Jesse Puka-Beals, North Dakota State University

Greta Gramig, North Dakota State University


Mulching suppresses weeds without soil disturbance and can provide soil moisture and temperature modifications that are beneficial to crop growth. Most agricultural mulches are made of polyethylene, a black plastic that is lightweight, easy to apply, and improves vegetable yields for early-season and heat-loving crops (Shogren and Hochmuth, 2004). The need for biodegradable mulch materials in organic production has been well articulated in previous eOrganic articles (Corbin et al., 2019; Schonbeck et al., 2015). Multiple emerging biodegradable mulch products are being developed and evaluated at land grant universities, but currently only paper mulches meet NOP standards (Andrews et al., 2015).

Paper mulches have been in agricultural production at least since the early twentieth century (Clark and Elizabeth, 1931). The use of Kraft paper coated with vegetable oil can achieve similar levels of weed control as current plastic mulches (Cirujeda et al., 2012; Shogren and Hochmuth, 2004). The yearly purchase of oil-coated Kraft paper, however, may not be feasible for some small-scale organic vegetable producers. The (re)use of newspapers as a paper mulch, on the other hand, may provide a readily available and lower-cost alternative. Newspaper and shredded newspaper were investigated for weed control, with shredded newspaper providing the best weed control within high tunnels for cucumber (Cucumis sativus) production (Sánchez et al., 2008).

Paper mulches, however, present numerous drawbacks that limit their adoption. Susceptibility to wind damage is a primary issue with paper mulches observed in Florida (Warnick et al., 2006). Another concern is the immobilization of soil nitrogen as the paper mulches are degraded by soil microbes, releasing high amounts of carbon into the soil. To address these drawbacks, we applied newspaper mulches in strip till zones within living mulches that could both provide protection from wind and enhance soil nitrogen through atmospheric fixation. Additionally, we suspended our newspaper-mulch in water and applied it as a slurry, a practice known as hydromulching.  

The use of hydromulches, foam mulches, hydraulic mulches or hydramulches can provide an effective application method for paper mulches. Unlike solid mulches, which come in pre-cut dimensions, liquid mulches can be applied at any given width and can be well suited for strip-till zones within living mulches.

Limited mulching options exist for vegetable crops that cannot be transplanted, such as carrots. The use of hydromulches may provide better coverage between crops than a plastic mulch. The use of only newspaper and water could provide organic vegetable producers a low-cost method that aligns with NOP standards. Here we present some preliminary research results for hydromulching in carrot production in North Dakota.

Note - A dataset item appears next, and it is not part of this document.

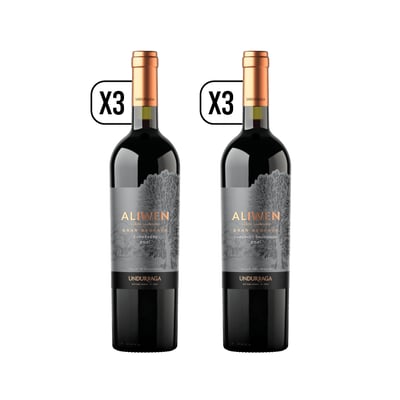 Pack 3x Vino Aliwen Gran Reserva Carmener + 3x Aliwen Gran Reserva Cabernet Sauvignon 750cc
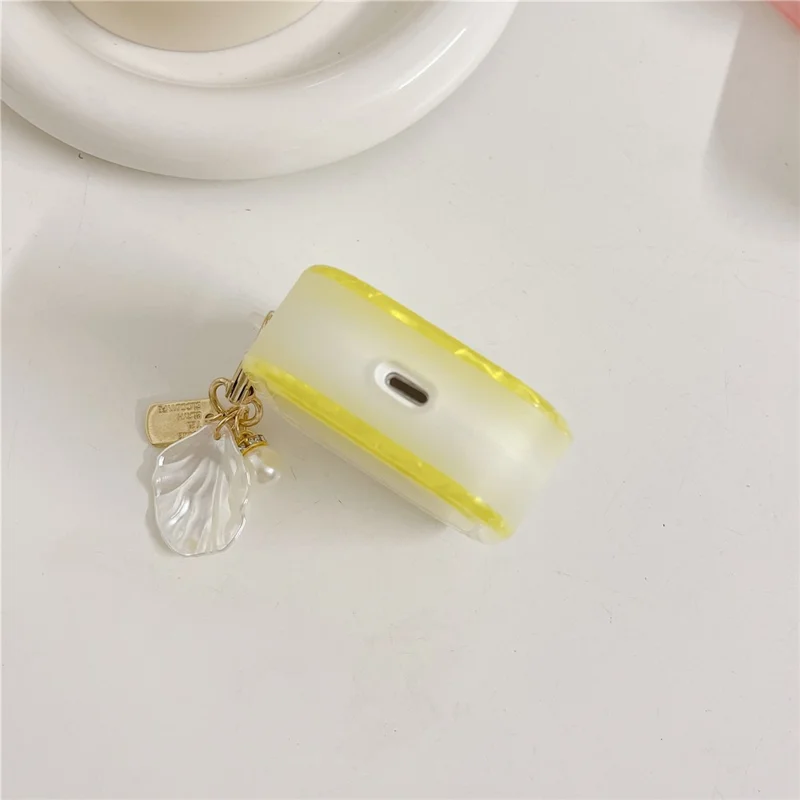 For Apple AirPods 3 Full Protective Cover Gradient Shell Grain Earphone Square TPU Case with Shell Shape Pendant - Red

IMPORTANT: Before using any product in your organic farming system:

  1. Read the label to be sure that the product is labeled for the crop and pest you intend to control, and make sure it is legal to use in the state, county, or other location where it will be applied.
  2. Read and understand the safety precautions and application restrictions.
  3. Make sure that the brand name product is listed in your Organic System Plan and approved by your USDA-approved certifier. If you are trying to deal with an unanticipated pest problem, get approval from your certifier before using a product that is not listed in your plan—doing otherwise may put your certification at risk.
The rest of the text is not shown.